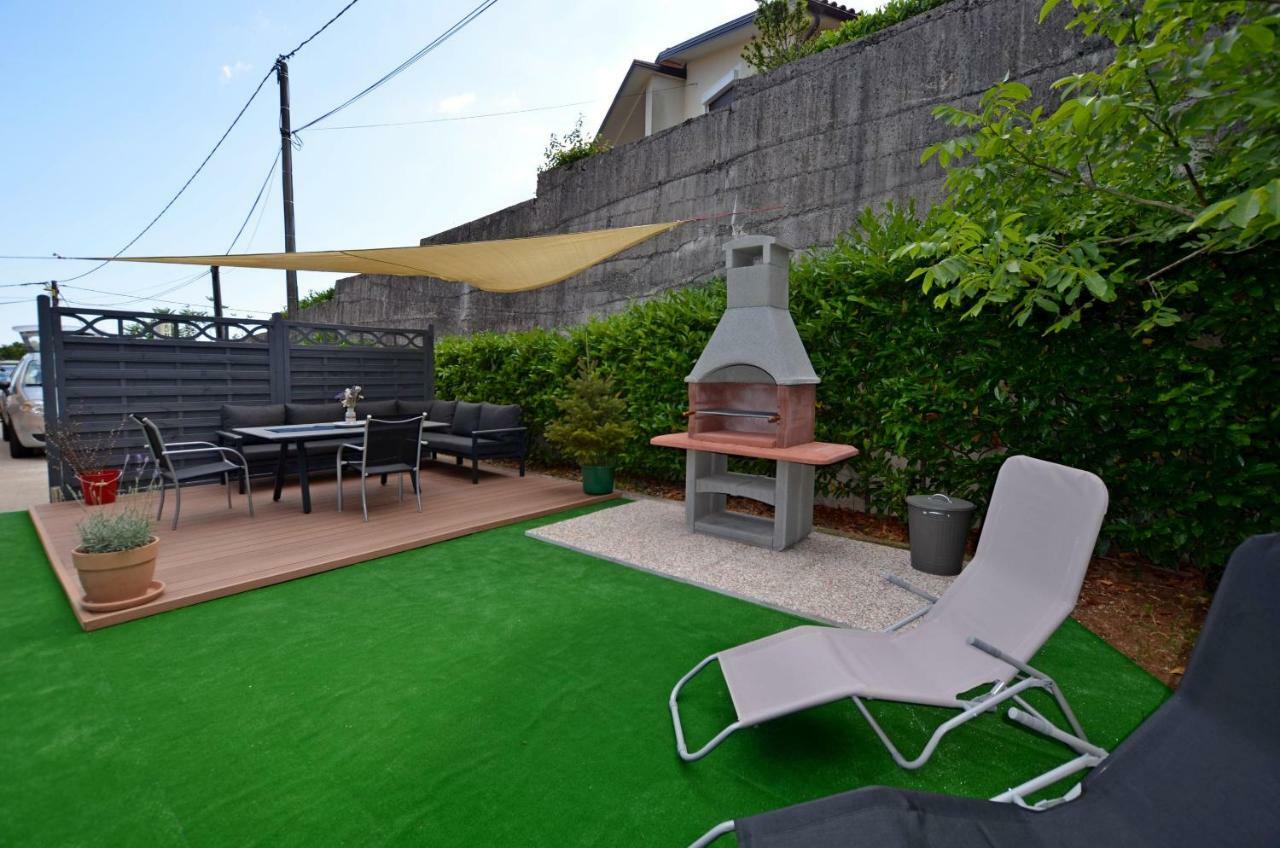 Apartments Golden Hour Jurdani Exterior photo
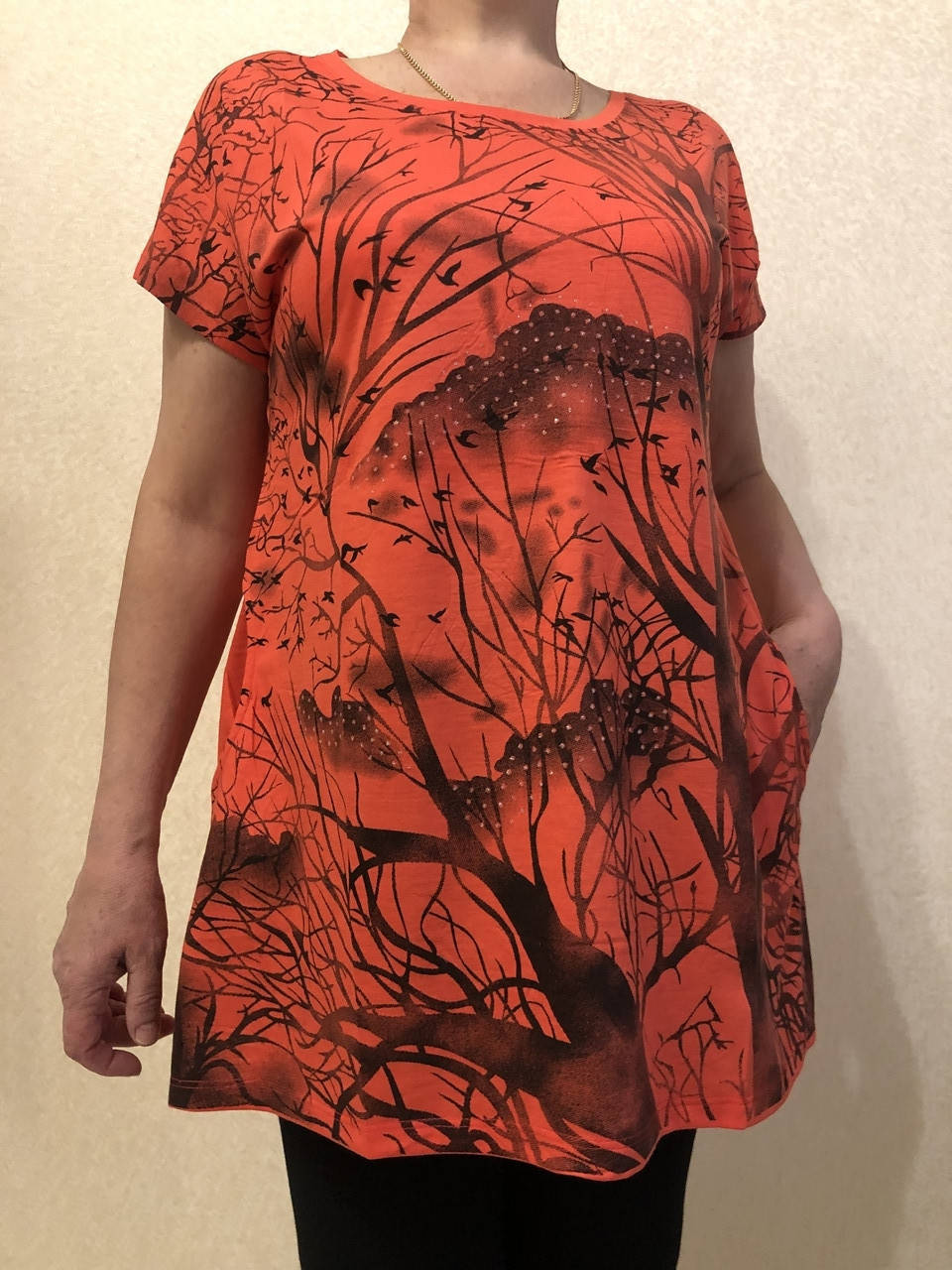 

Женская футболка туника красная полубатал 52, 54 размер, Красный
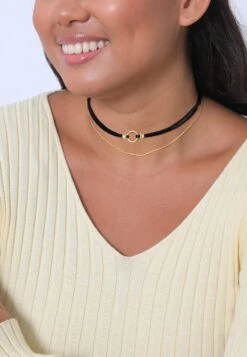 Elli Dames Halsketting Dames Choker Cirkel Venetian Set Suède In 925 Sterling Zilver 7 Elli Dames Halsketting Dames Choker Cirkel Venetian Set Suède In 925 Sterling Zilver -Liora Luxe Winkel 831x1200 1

## EXERCISE BRIEF
Restate the listing above word for word, and skip the pictures.

## ANSWER BELOW
 Apartments Golden Hour Jurdani Exterior photo

Женская футболка туника красная полубатал 52, 54 размер, Красный
 Elli Dames Halsketting Dames Choker Cirkel Venetian Set Suède In 925 Sterling Zilver 7 Elli Dames Halsketting Dames Choker Cirkel Venetian Set Suède In 925 Sterling Zilver -Liora Luxe Winkel 831x1200 1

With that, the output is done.